Recently I decided I’d waited long enough as there wasn’t anything special to open this whisky which just blew me away. I decided to pour a glass and…. it was a pale imitation of its former self. Oh, it was good. It’s still a B whisky which means I’d rate it good and maybe worth a purchase, but it was previously in the A- to A range for me personally. I’d opened this whisky and in the time since I’d opened it, it had completely lost its magic. What a shame. What a waste. This to me was yet another affirmation of my current state of mind – enjoy the things that are special to you because life moves fast, and it’s better to have great experiences and special memories versus a chronicle of lost potential.
So here’s my advice. That bottle of Pappy sitting on your shelf? That rare Port Ellen? You should open it. You should enjoy it. Life is short. Are you looking for that special occasion? Make some random weekday in April that special occasion where you opened the bottle that you’d been sitting on and enjoyed it. John Hansell agrees. And those open bottles? Just enjoy them. Share them with friends, swap samples, or host a tasting. Or just enjoy it yourself. This deterioration is yet another reminder that nothing is permanent and that life is short. Sku wrote a great blog post on deterioration with age (it does) and Ryan over at Value Whisky
began a series himself (we’ll see if it continues there or at his new blog, Value Bourbon – [looks like he's decided to close up shop totally...])
So in the interest of what was great and what it’s become, I’ll post the tasting notes. I’m sensitive to note that this is the second post I’ve done about the changes in a Bruichladdich in the last few months. Please don’t interpret this as a hidden agenda to say all Bruichladdichs fall apart. I’ve noticed tendencies on this end among other whiskies I’ve owned, but to see a favorite go from “life changing” to to “good” drove me to write this call to open the bottles.
At A Glance
Bruichladdich Legacy V (33y) 40.9% ABV – initial opening
Nose: Satisfying deep wood, a character very similar to an old bourbon. Wood paneling. Light fruits – a hint of pineapple. Lightly floral as well, but wood dominates. Some gentle saltiness, red apples, far-off hints of raisins. A bit of gentle waxiness.

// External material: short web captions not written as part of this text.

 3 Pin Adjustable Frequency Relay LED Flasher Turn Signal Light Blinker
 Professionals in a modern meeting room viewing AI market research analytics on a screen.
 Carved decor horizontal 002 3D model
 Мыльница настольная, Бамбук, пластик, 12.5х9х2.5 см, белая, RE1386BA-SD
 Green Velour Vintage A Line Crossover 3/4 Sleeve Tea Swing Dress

Palate: Medium bodies. Initially grain-based, warming more than ABV would suggest. Fruits here – very strong apples, light pear. A honeyed quality, with some barley reappearing later and some gentle sherry notes.
Finish: Smooth. Apples again. Quick initial disappearance, reemerges momentarily, some gentle wood and light waxiness.

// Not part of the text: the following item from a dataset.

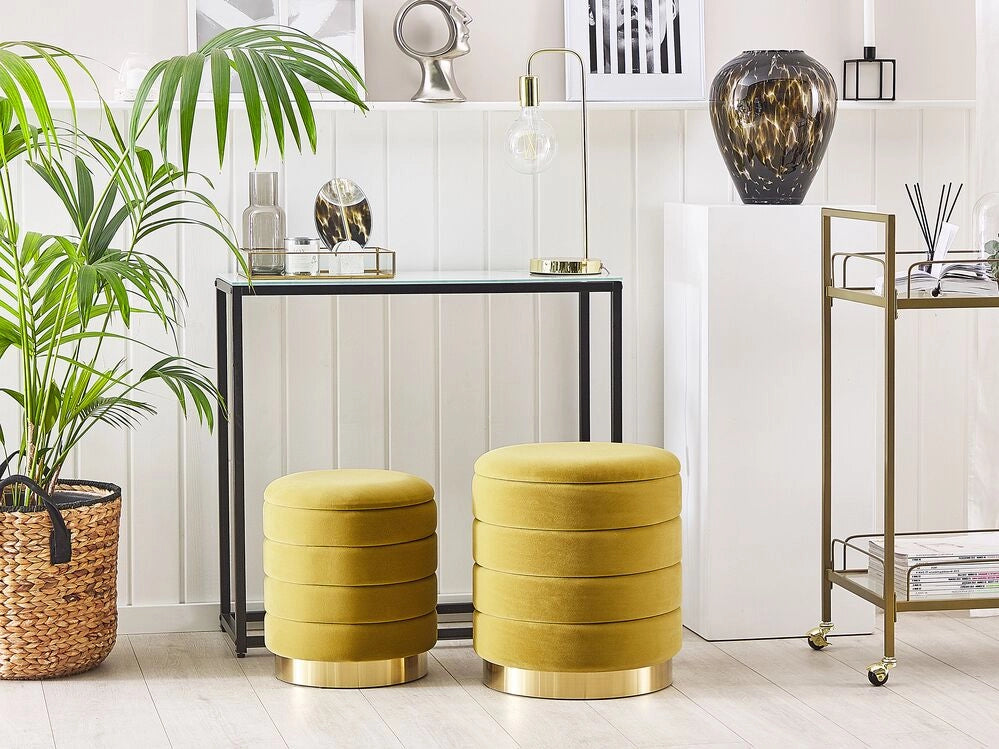 Set di 2 pouf contenitori con rivestimento in velluto di poliestere giallo rivestimento in acciaio inossidabile dorato design moderno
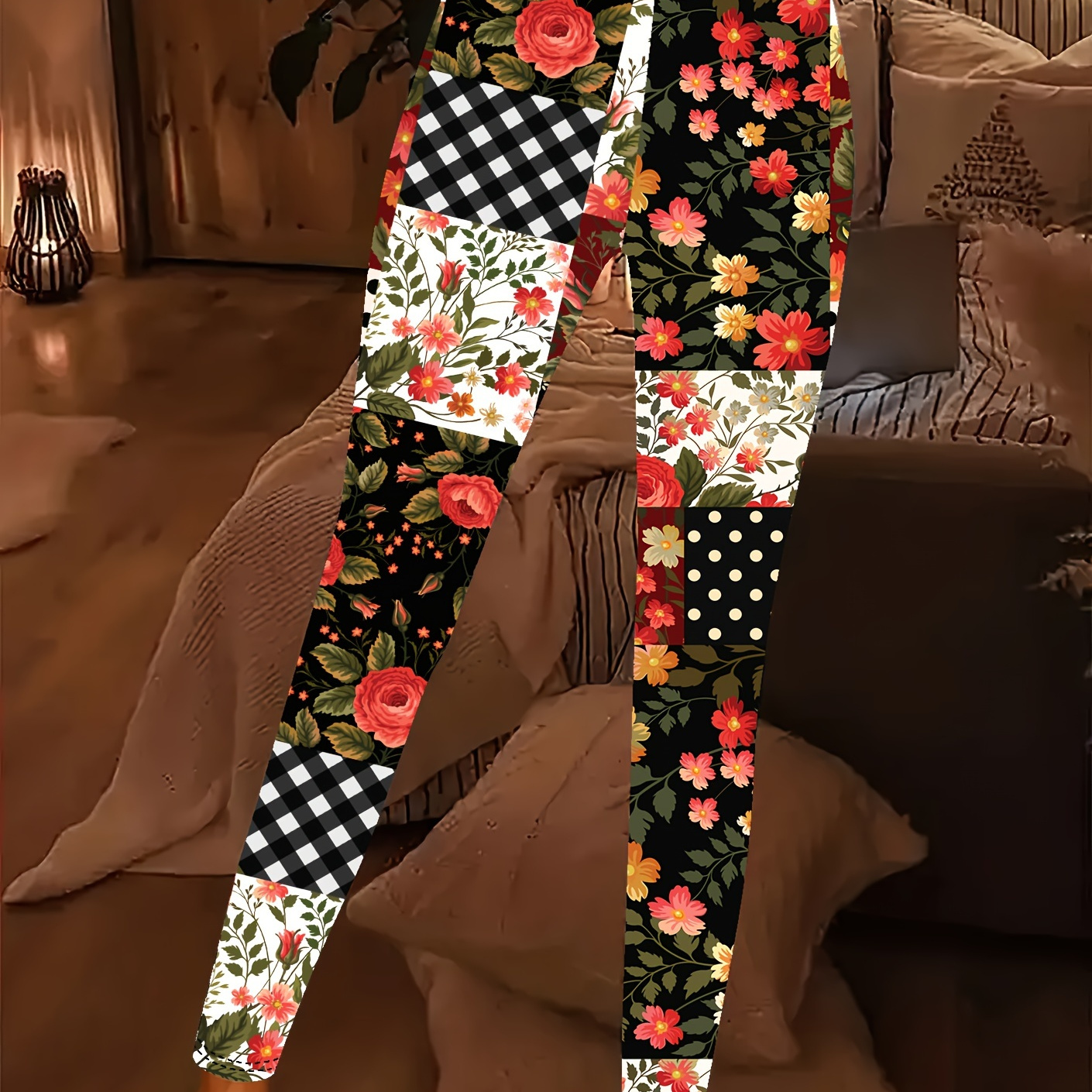 

Women's Plus Size Floral Print Stretch Leggings - Elegant, For Casual Attire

Comment: If this is early ’70s Bruichladdich I’m going to go broke securing more bottles.
Bruichladdich Legacy V (33y) 40.9% ABV – a year after opening
Nose: Slightly dusty with some old wood, but some significant bourbon influence on the nose. Well-developed vanilla, a bit of caramel. Some brighter fruit notes; pears evident against some white pepper and cinnamon.
Palate: Pears initially on the palate with some white pepper and cinnamon, old wood that’s slightly bitter. A bit of apple, some light barley.
Finish: Old wood, pepper, a bit of cinnamon, pears. Waxy apple notes as well.
Comment: This isn’t quite as amazing as I remember it being. It’s a good but undeniably old whisky. It’s gotten quite a bit simpler in the time it’s been open. The clarity of the fruit notes have been subdued and now it’s more of a (good) fruit compote or canned fruit than fresh fruit.